Hearing on the motion to expunge was held on November 15, 1960. Lindner did not appear and no evidence was offered to support the claim, although testimony disclosed he had been at his business office on the previous day. Counsel for the Trustee offered to put the matter over for a few days pending Lindner's personal appearance or an examination by the court-appointed physician if Lindner would pay the latter's fee; desultory discussion as to the cost of this ensued. The Trustee placed in evidence a handwritten note from Lindner to the bankrupt, dated December 9, 1957, stating: 'Am returning checks and note for the sum of.$19,000. Balance of $1,000 I have credited against the $15,000 due me from loan made September 20, 1957' and also two checks from the bankrupt to Lindner, dated November 8 and November 12, 1957, in the respective amounts of $5,000 and $10,000. Counsel for the Trustee then moved that the claim be expunged 'unless Mr. Lindner can be produced.' Appellant's counsel sought leave to obtain an affidavit from Lindner's personal physician; the Referee denied this request, indicating he would not believe such an affidavit if tendered. There was more discussion, but no offer by appellant's counsel either to produce him or to pay the fee of the court-appointed physician for an examination. The Referee then instructed the Trustee to 'Submit an order expunging his claim in view of his failure to be examined by Court appointed physician, and his failure to come in here and prove his claim this day.' Such an order was entered; a petition to review was denied by the District Court.

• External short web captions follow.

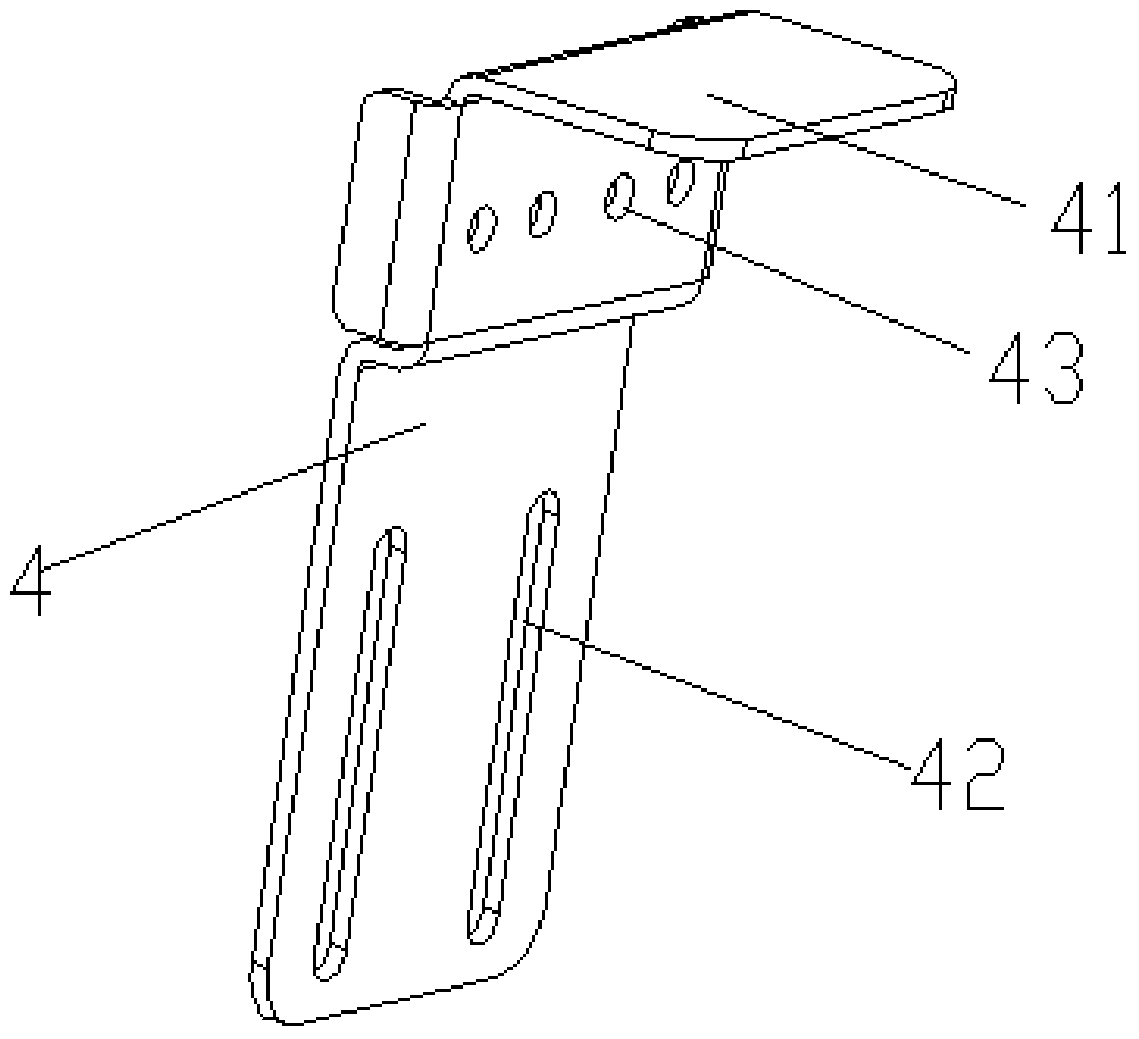 Mounting device for small base cooktops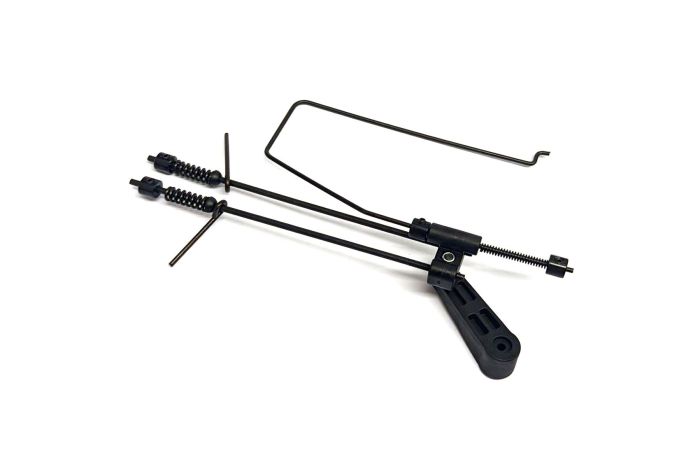 30 DNB Throttle & brake linkage Black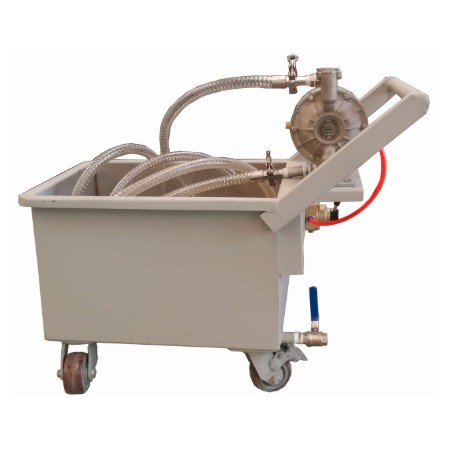 নন লুব্রিকেটিং ডিজাইন স্লারি পাম্প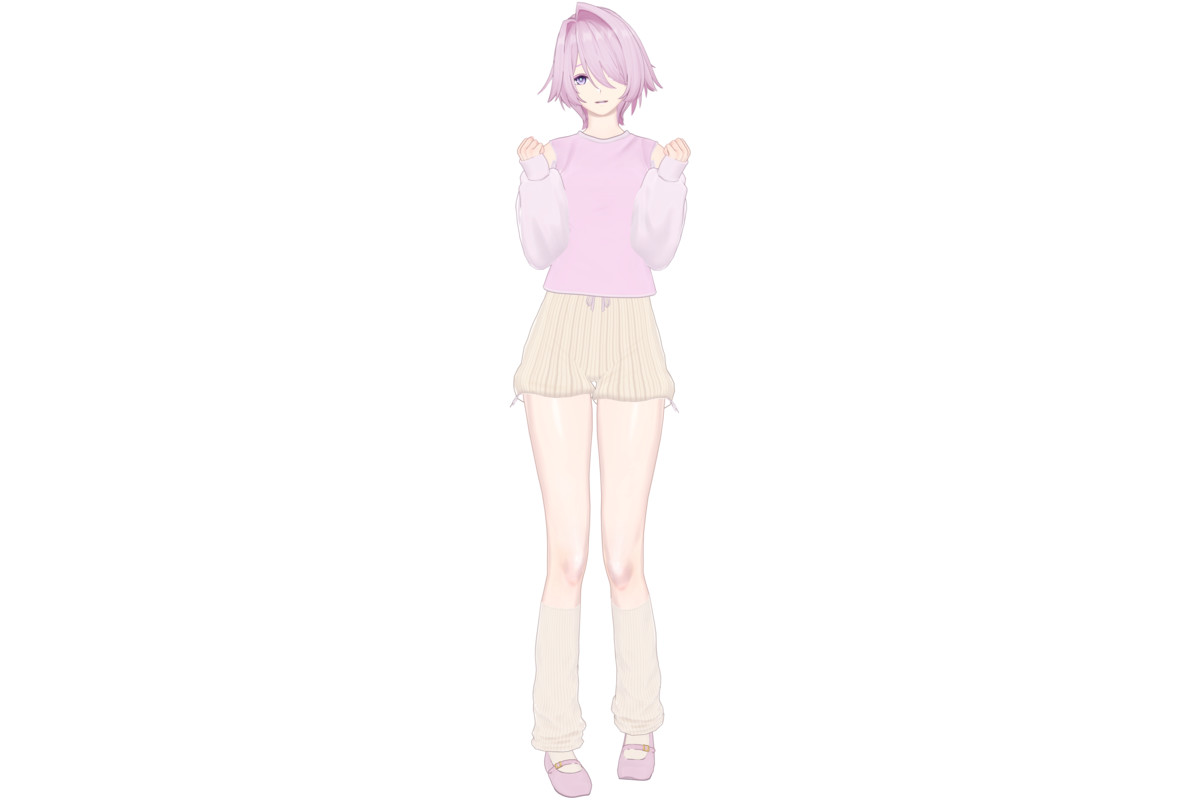 Anime Character Casual Vol.III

There is nothing to appellant's argument that a referee may never visit any consequences upon a claimant who refuses to appear for examination under 21, sub. a save to certify him to the judge for contempt under 41 of the Bankruptcy Act, 11 U.S.C.A. 69. As in the case of F.R.Civ.Proc. 37(b), 28 U.S.C.A., although contempt proceedings are available as a remedy for disobedience to an order for examination, this does not mean they are the only remedy.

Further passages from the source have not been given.